EXERCISE PROMPT.
Please repeat each line from the one holding "Profile Photo Estelle" through the final line of the data, exactly as it stands, with no pictures.

######

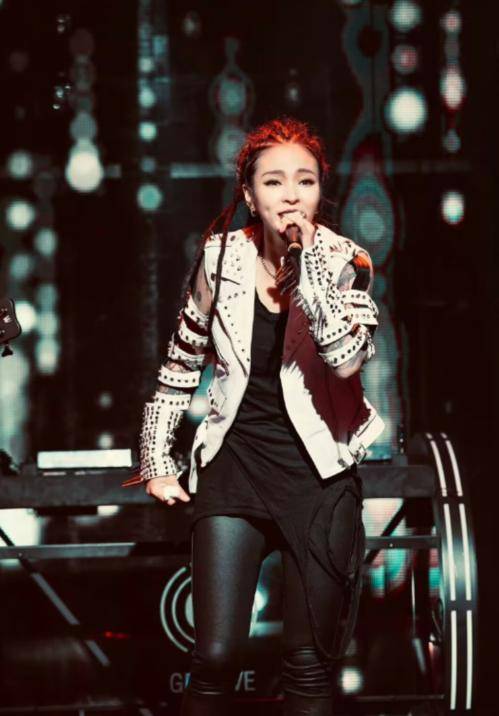 知情人透露了毕夏的现状_丈夫_妻子_声音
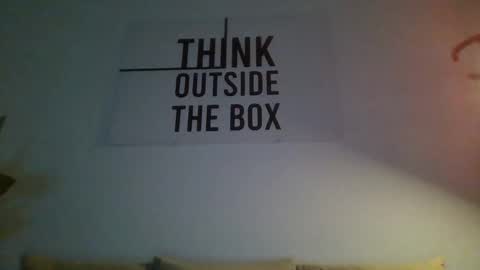 Snapshot of immortalrites chatting on December 27, 6:53 pm Immortalrites online show from December 27, 6:53 pm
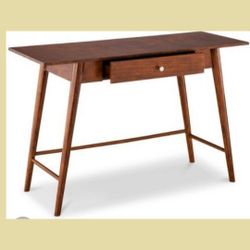 Brand New Amherst Writting Desk Or Console 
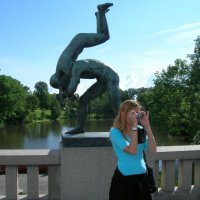 Estelle De Marco (@estelledemarco) 's Twitter Profile Photo Estelle De Marco (@estelledemarco) 's Twitter Profile Photo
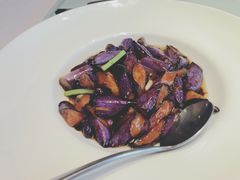 -知味观(湖滨总店)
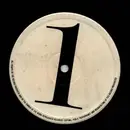 12inch Vinyl Single - Jonathan Gregg - Young Hearts - promo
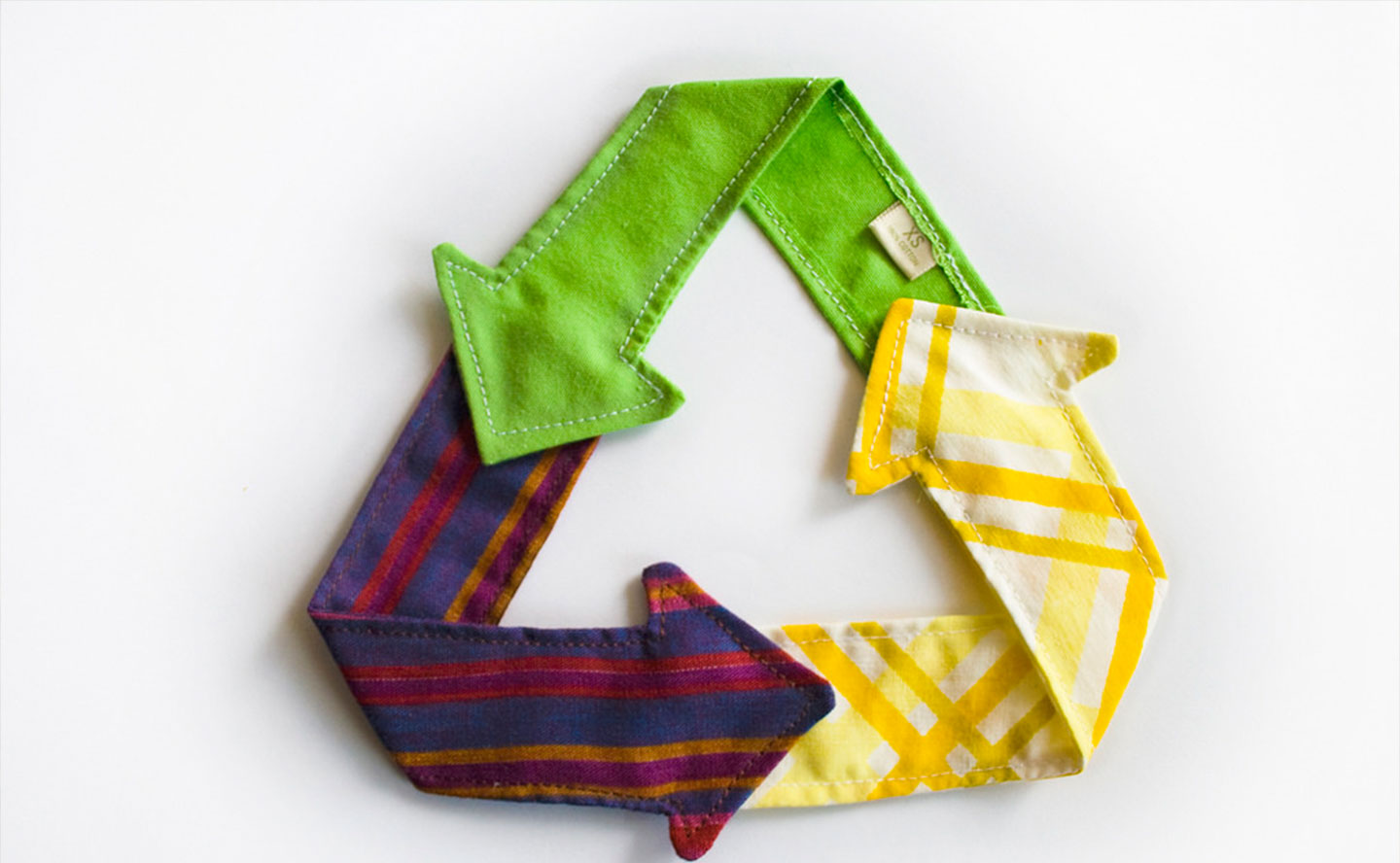 sustentabilidade-na-moda-conhece-museu-fashion-for-good-audaces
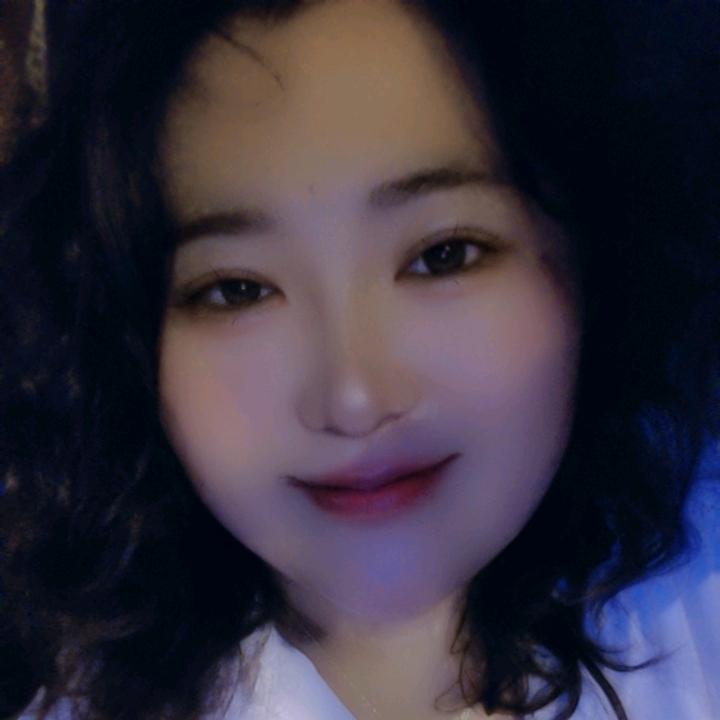 楊晓雲粮油店💞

######

OUTPUT OF THE TASK.
 Estelle De Marco (@estelledemarco) 's Twitter Profile Photo Estelle De Marco (@estelledemarco) 's Twitter Profile Photo
 -知味观(湖滨总店)
 12inch Vinyl Single - Jonathan Gregg - Young Hearts - promo
 sustentabilidade-na-moda-conhece-museu-fashion-for-good-audaces
 楊晓雲粮油店💞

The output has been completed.